Mas, voltando pro sonho... Era gente de todo tipo e cor, do mundo inteiro, que corria e voltava, igual formigueiro. Um negócio que acendia e chamavam de isqueiro, punham fogo no cachimbo e queimavam umas pedras. As pessoas fumavam e ficavam mais lerdas; outra vez era a erva... Tinha umas moças bonitas que chegava a dar um nó quando eu via. é que tanto frio fazia que eu não entendia porque não se vestia mais roupa. Tive tanta dó que tirei a camisa pra cobrir uma só. Não sei porque ela desatou chorar, me chamou de inocente (pelo menos eu tava vestido, decente) e ela devolveu a camisa. Porque ela chorou? Vai ver não gostou, mas era só uma que eu tinha.

       Achei interessante que formaram uma roda (mas sem cantoria), não tinha viola nem estrela no céu.De repente euforia, corre tudo pros lados quando chegou os soldados. Tudo armado e nervoso e atirando no povo que eu vi. Era tanto desgosto que também não entendi porque aqui no sertão só se mata quem não vale tostão e no meio da festa que fazia o povão devia ter alguém que presta... sei não.

 Logo vem pro meu lado um daqueles soldado, só senti o sopetão, me empurrou pra dentro do camburão que é parecido com os carro que leva os morto. Pensei que era o fim, mas não. Despejaram todo mundo numa cela apinhada de gente e só deu confusão. Bem que eu quiz explicar: - Olha, eu sou o João - mas ninguém quiz me ouvir. (documento tenho não Senhor).Cheguei a jurar pelo Padim que dessa vez não me valeu...

      Fiquei nessa cela essa noite e deu o que fazer pra conter tanto povo e maldade à valer. Tinha uns mal encarado que queriam bater, outros meio tarados que voce sabe o que eles queriam fazer... Foi um Deus nos acuda até o amanhecer. Quando a fome apertou me puseram na rua e sai caminhando e pensando em que rumo tomar. Começou a chover. Para minha alegria era tanta água, tudo que eu mais queria na minha terra. Só que o chão não aceitava, não absorvia e os buracos em vez de engolir a água, devolvia e o volume crescia....

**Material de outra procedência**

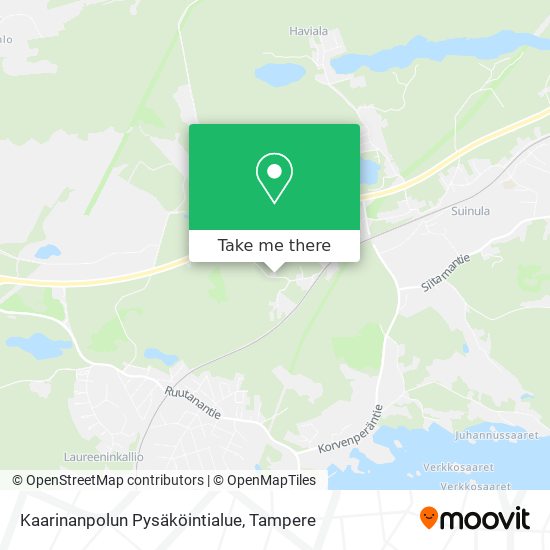 Kaarinanpolun Pysäköintialue map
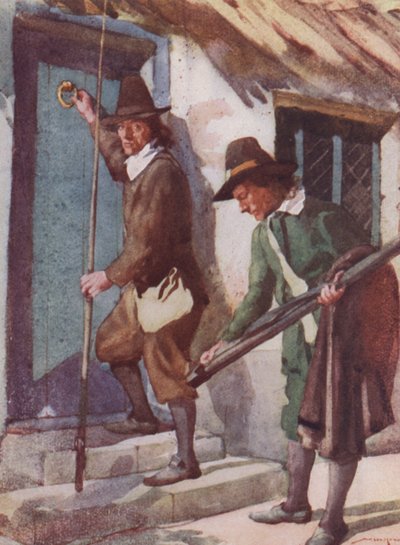 Illustrazione per Il perfetto pescatore di Izaak Walton (litografia a colori) da William Lee Hankey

       Já não dava pra andar e não tinha um lugar onde a água não ia enquanto as ruas sumiam e eu tentava nadar. Respirar?? não podia. Isso era afogar?

       Acordei assustado e de medo eu tremia. Tava todo molhado (se urinei foi de medo mas isso é segredo, não convém comentar). 

       E foi esse o meu sonho e desde esse dia eu não rezo direito de medo que a chuva caia inundando as pessoas do mundo.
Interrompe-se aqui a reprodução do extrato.